Skip the pictures and give back the rest of the listing exactly.

#### Supplied data:

▼

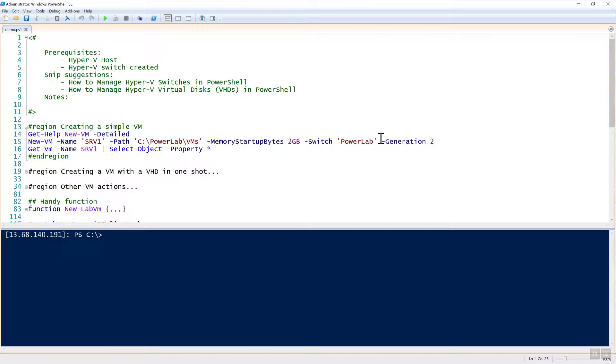Hello, in this SNP we are going to cover how to manage Hyper-V virtual machines with PowerShell. So let's get started.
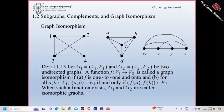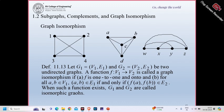Let's start with graph isomorphism. A graph isomorphism is between two graphs. Suppose g1 = (v1, e1) and g2 = (v2, e2). Then a function f from v1 to v2 is called a graph isomorphism if f is one-to-one and onto, meaning both graphs have the same number of vertices, and for all a, b belonging to v1, there is an edge between a and b in e1 if and only if there is an edge between f(a) and f(b) in e2. When such a function exists, g1 and g2 are called isomorphic graphs.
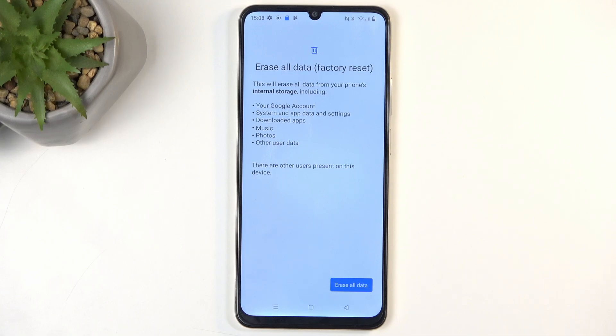Most importantly it's the music, photos, and user data. If you have anything of that type on your phone that you'd like to preserve, make a backup copy of it to something like your computer before you get started.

▲

#### Your solution:
Hello, in this SNP we are going to cover how to manage Hyper-V virtual machines with PowerShell. So let's get started.
Let's start with graph isomorphism. A graph isomorphism is between two graphs. Suppose g1 = (v1, e1) and g2 = (v2, e2). Then a function f from v1 to v2 is called a graph isomorphism if f is one-to-one and onto, meaning both graphs have the same number of vertices, and for all a, b belonging to v1, there is an edge between a and b in e1 if and only if there is an edge between f(a) and f(b) in e2. When such a function exists, g1 and g2 are called isomorphic graphs.
Most importantly it's the music, photos, and user data. If you have anything of that type on your phone that you'd like to preserve, make a backup copy of it to something like your computer before you get started.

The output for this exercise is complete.